◆ EXERCISE PROMPT:
Beginning with the line that holds "Myopias bidens - FOCOL1008" and finishing with the line that holds "Jajaran Polres Probolinggo", repeat the listing exactly, leaving every picture out.

◆ GIVEN DATA:

━━━━━━━━━━━━━━━━

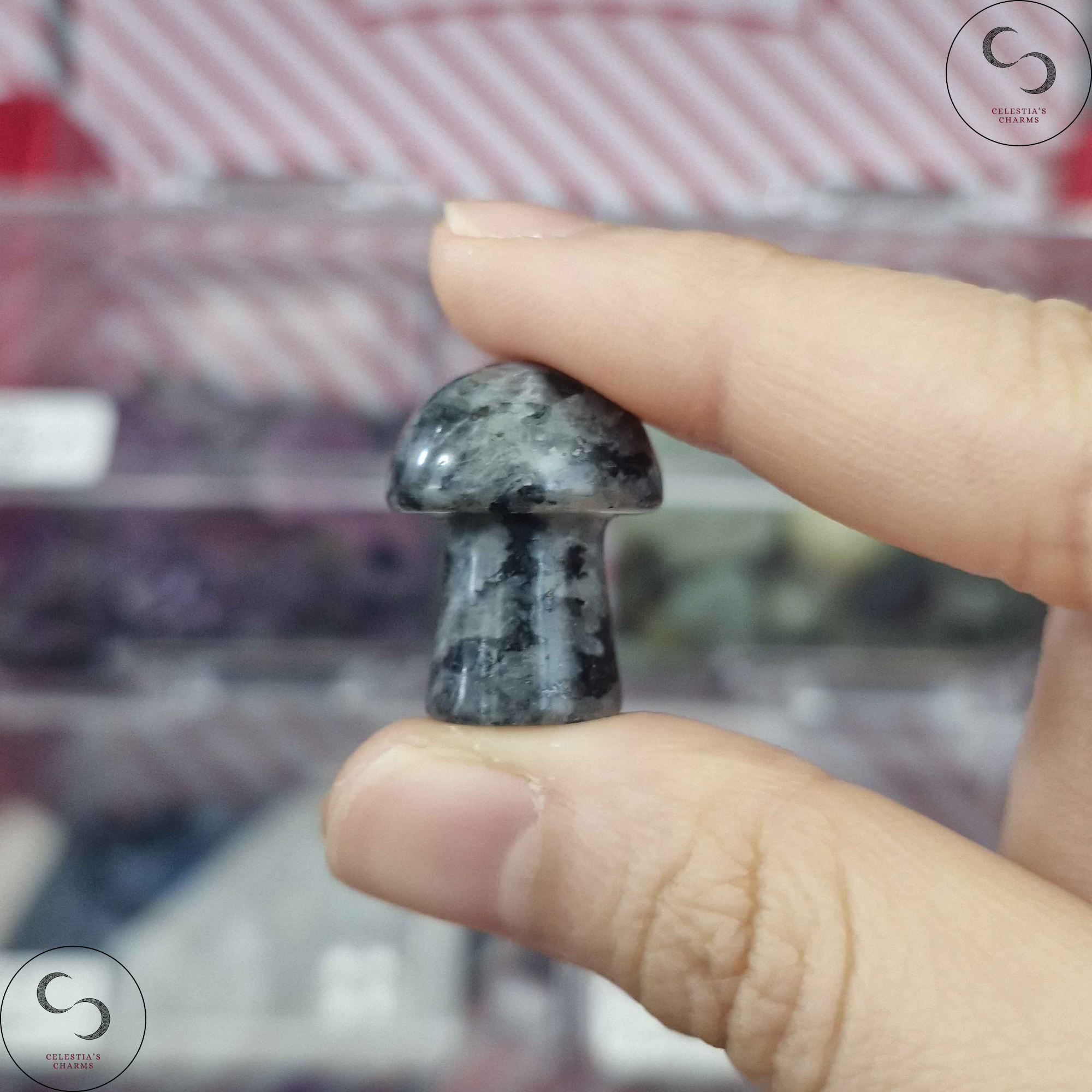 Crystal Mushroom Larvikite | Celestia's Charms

━━━━━━━━━━━━━━━━

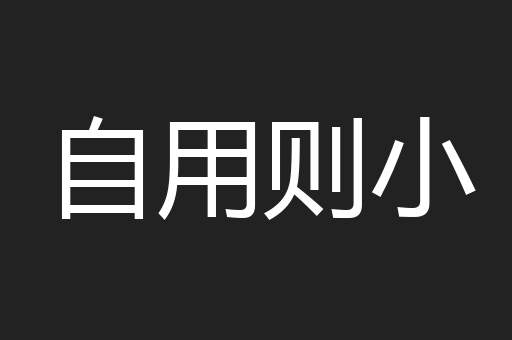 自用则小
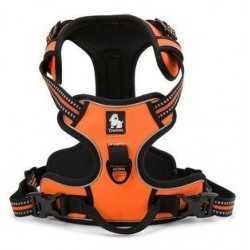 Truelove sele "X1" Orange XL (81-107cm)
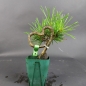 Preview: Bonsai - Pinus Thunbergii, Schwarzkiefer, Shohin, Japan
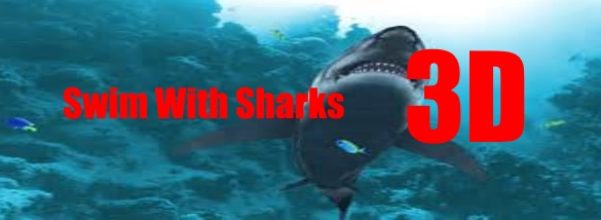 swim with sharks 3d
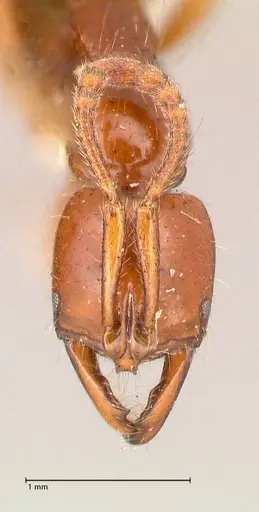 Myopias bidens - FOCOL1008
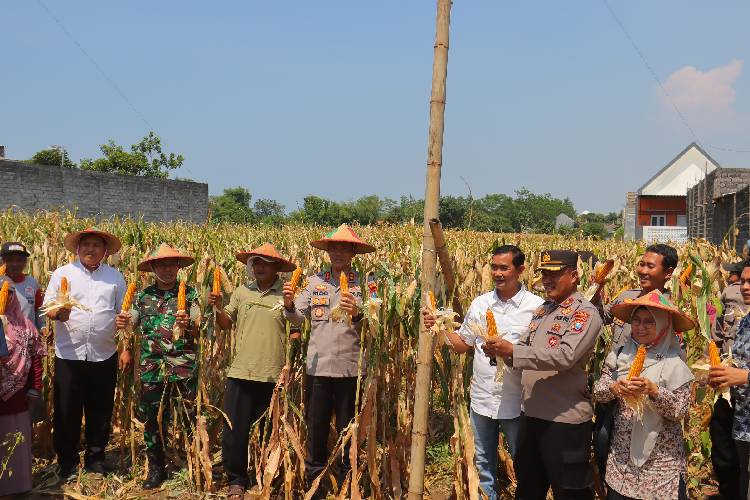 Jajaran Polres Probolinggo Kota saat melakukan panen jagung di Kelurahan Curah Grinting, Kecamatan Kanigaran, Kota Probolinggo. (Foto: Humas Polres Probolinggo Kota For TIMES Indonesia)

━━━━━━━━━━━━━━━━

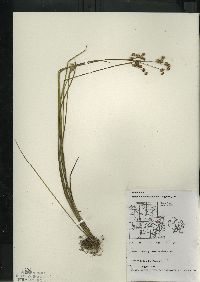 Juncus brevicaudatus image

━━━━━━━━━━━━━━━━

◆ WRITTEN RESPONSE:
 Myopias bidens - FOCOL1008
 Jajaran Polres Probolinggo Kota saat melakukan panen jagung di Kelurahan Curah Grinting, Kecamatan Kanigaran, Kota Probolinggo. (Foto: Humas Polres Probolinggo Kota For TIMES Indonesia)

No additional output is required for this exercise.